ZIMBABWE’S opposition Movement for Democratic Change (MDC) led by Morgan Tsvangirai admitted Tuesday that with the partial parliamentary election results showing a dead heat with the ruling Zanu PF, seats won by a rival MDC faction and independent Tsholotsho MP Jonathan Moyo could play a major role in handing them a parliamentary majority.

MDC vice president Thokozani Khupe told reporters in Bulawayo that their data collected at about 80 percent of the 206 contested seats showed they had secured 98 seats, Zanu PF 72 with the rival Mutambara-led MDC faction and Moyo holding 14 seats.

She said they had no data from the other 20 percent of constituencies – which might well be won by Zanu PF.

Flanked by senior MDC officials Eddie Cross and Samuel Sipepa-Nkomo, Khupe spoke of “the 14 seats held by our colleagues” – a clear pointer that both Zanu PF and her MDC party are considering the possibility none will have a sweeping majority, let alone the desired two thirds which would enable them to change the constitution.

Khupe said in all but 27 constituencies tallied, the MDC had calculated that Tsvangirai would secure 56 percent of the vote in the presidential race, with Mugabe on 37 percent and former finance minister Simba Makoni a distant third with 10 percent.

"We are closely monitoring to see if ZEC [Zimbabwe Electoral Commission] is reporting exactly what we have, and figures are correct," Khuphe told a press conference.

She said they were concerned by Zanu PF's big winning margins in Mashonaland constituencies, whereas the MDC wins in its urban strongholds appeared slim – something that can become a factor in the presidential ballot.

"We need to verify the Mashonaland votes where for instance Zanu PF is getting 14 000 and we are getting 1 000. But it is also important to point out that in most instances where we have lost a parliamentary seat; we have won the presidential vote.

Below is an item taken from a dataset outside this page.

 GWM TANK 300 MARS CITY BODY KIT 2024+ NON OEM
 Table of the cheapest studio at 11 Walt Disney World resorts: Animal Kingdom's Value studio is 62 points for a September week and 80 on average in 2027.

We are the outright winners," Khuphe said.

Cross said there were "serious attempts" by Zanu PF to rig the presidential poll, "but the plan ran into number of problems", among them “the ZEC's unwillingness to co-operate”.

“They are reporting the results truthfully,” Cross said.

He said the other "obstacle" was diplomatic pressure from foreign countries. Cross claimed that security chiefs had also informed Mugabe that they would not back him if he declared himself winner and there were public uprisings.

Cross claimed a “compromise” -- between Mugabe and security forces -- had been reached to reduce Tsvangirai’s vote to under 50 percent, in the process triggering a second round of voting between him and Mugabe to take place within three weeks.

Cross alleged that Zanu PF had "carefully selected constituencies where they have absolute control and have been successful in ballot stuffing there”.

He added: “They are preparing themselves for defeat without disgrace.”

The ZEC and Zimbabwe government have both cautioned the MDC against making unofficial projections on voting patterns, fearing that may trigger violence if the outcome is different.